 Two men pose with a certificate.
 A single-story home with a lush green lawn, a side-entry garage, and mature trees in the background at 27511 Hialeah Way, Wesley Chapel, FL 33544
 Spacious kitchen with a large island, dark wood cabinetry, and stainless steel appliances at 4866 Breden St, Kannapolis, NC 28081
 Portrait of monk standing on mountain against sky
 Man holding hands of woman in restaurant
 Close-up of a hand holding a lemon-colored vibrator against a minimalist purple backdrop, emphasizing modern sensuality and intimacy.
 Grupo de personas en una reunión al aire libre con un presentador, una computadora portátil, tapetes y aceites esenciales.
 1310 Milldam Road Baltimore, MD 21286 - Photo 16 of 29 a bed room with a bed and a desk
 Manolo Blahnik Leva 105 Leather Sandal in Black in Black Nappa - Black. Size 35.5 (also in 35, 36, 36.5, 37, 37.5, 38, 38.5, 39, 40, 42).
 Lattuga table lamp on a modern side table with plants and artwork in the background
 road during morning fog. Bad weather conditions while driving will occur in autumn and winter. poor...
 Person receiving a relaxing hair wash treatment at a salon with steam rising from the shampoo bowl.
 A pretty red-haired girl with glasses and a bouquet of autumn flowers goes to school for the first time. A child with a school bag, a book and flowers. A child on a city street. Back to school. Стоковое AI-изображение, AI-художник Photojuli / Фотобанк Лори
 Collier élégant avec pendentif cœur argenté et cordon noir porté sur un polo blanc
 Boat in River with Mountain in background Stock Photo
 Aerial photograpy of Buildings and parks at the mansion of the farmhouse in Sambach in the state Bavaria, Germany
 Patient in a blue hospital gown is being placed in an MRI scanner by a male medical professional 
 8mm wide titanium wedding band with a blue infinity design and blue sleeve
____
- [What you should do]
Give back, word for word, the lines from the one with "A pretty red-haired" through the last line of the entries, both included, and no other line.

- [Output of the exercise]
 A pretty red-haired girl with glasses and a bouquet of autumn flowers goes to school for the first time. A child with a school bag, a book and flowers. A child on a city street. Back to school. Стоковое AI-изображение, AI-художник Photojuli / Фотобанк Лори
 Collier élégant avec pendentif cœur argenté et cordon noir porté sur un polo blanc
 Boat in River with Mountain in background Stock Photo
 Aerial photograpy of Buildings and parks at the mansion of the farmhouse in Sambach in the state Bavaria, Germany
 Patient in a blue hospital gown is being placed in an MRI scanner by a male medical professional 
 8mm wide titanium wedding band with a blue infinity design and blue sleeve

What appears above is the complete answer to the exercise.